LEPOSAVIC, Kosovo (Reuters) – NATO peacekeeping soldiers formed security cordons around four town halls in Kosovo on Monday to keep back Serbs protesting at ethnic Albanian mayors taking office in a Serb majority area after elections they boycotted. In Zvecan, one of the towns, Kosovo state police – staffed entirely by ethnic Albanians after all […]
NATO peacekeepers secure Kosovo town halls in standoff with Serb protesters
LEPOSAVIC, Kosovo (Reuters) – NATO peacekeeping soldiers formed security cordons around four town halls in Kosovo on Monday to keep back Serbs protesting at ethnic Albanian mayors taking office in a Serb majority area after elections they boycotted.
In Zvecan, one of the towns, Kosovo state police – staffed entirely by ethnic Albanians after all Serbs quit the force last year – sprayed pepper gas to repel a crowd of Serbs who broke through a security barricade and tried to force their way into the municipality building, witnesses said.
In Leposavic, close to the border with Serbia, U.S. peacekeeping troops in anti-riot gear placed barbed wire around the municipality building to protect it from hundreds of angry Serbs gathering nearby.
“This morning, the NATO-led KFOR mission has increased its presence in four municipalities of northern Kosovo following the latest developments in the area,” a KFOR statement said.
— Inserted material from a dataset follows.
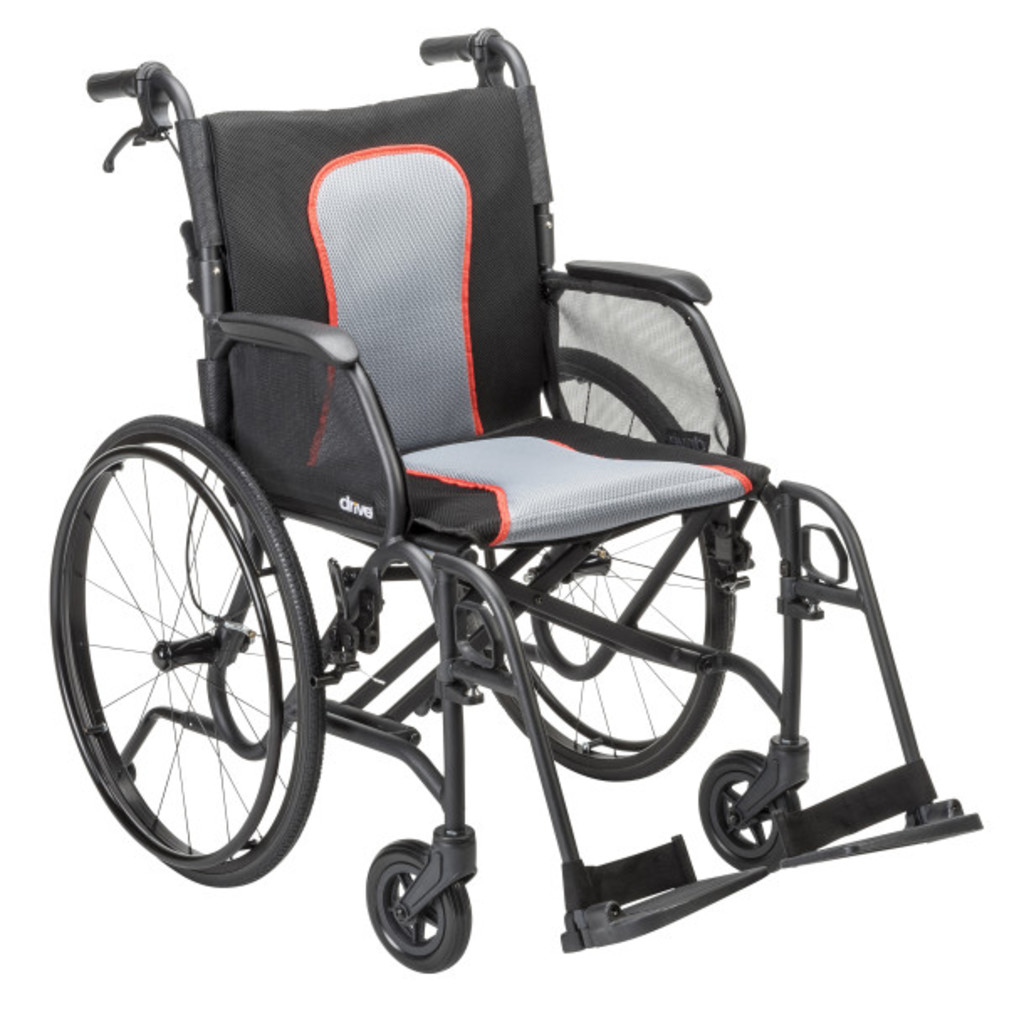 AeroFly Ultra-Lite Wheelchair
“In line with its mandate, KFOR is ready to take all necessary actions to ensure a safe environment in a neutral and impartial manner,” it said, adding that KFOR’s commander was in close contact with the security organs of Kosovo and Serbia.
KFOR troops also acted to protect the town halls in Zubin Potok and North Mitrovica from possible threats.
Serbs, who form a majority in Kosovo’s north, have never accepted its 2008 declaration of independence from Serbia and still see Belgrade as their capital more than two decades after the Kosovo Albanian uprising against repressive Serbian rule.
Serbia has also refused to recognise an independent Kosovo.
WESTERN POWERS REBUKE KOSOVO OVER TENSIONS
Ethnic Albanians make up more than 90% of the population in Kosovo as a whole, but northern Serbs demand the implementation of a decade-old EU-brokered deal for the creation of an association of autonomous municipalities in their area.
Serbs refused to take part in local elections in April and ethnic Albanian candidates won the mayoralties in four Serb-majority municipalities with a 3.5% turnout.
Serbs have called on the Kosovo government to remove ethnic Albanian mayors from town halls and allow local administrations financed by Belgrade return to their duties.
On Friday, three out of four mayors were escorted into their offices by Kosovo police, who were pelted with rocks and responded with tear gas and water cannon to disperse the protesters.
The United States and its allies, who have strongly backed Kosovo’s independence, rebuked Pristina on Friday for escalating tensions with Serbia, saying the use of force to install mayors in majority Serb areas undercut efforts to normalise relations.
On Sunday NATO Secretary General Jens Stoltenberg called on the Kosovo government to tone down tensions with Serbia. “Pristina must de-escalate & not take unilateral, destabilising steps,” Stoltenberg said in a tweet.
After a phone call with EU foreign policy chief Josep Borrell, Kosovo Prime Minister Albin Kurti tweeted: “Emphasized that elected mayors will provide services to all citizens.”
But Serbian Foreign Minister Ivica Dacic told RTS state television it was “not possible to have mayors who have not been elected by Serbs in Serb-majority municipalities”.
NATO peacekeepers deployed in Kosovo after the alliance’s 1999 bombing campaign that drove Serbian security forces out of Serbia’s then-southern province, ending a brutal counter-insurgency campaign.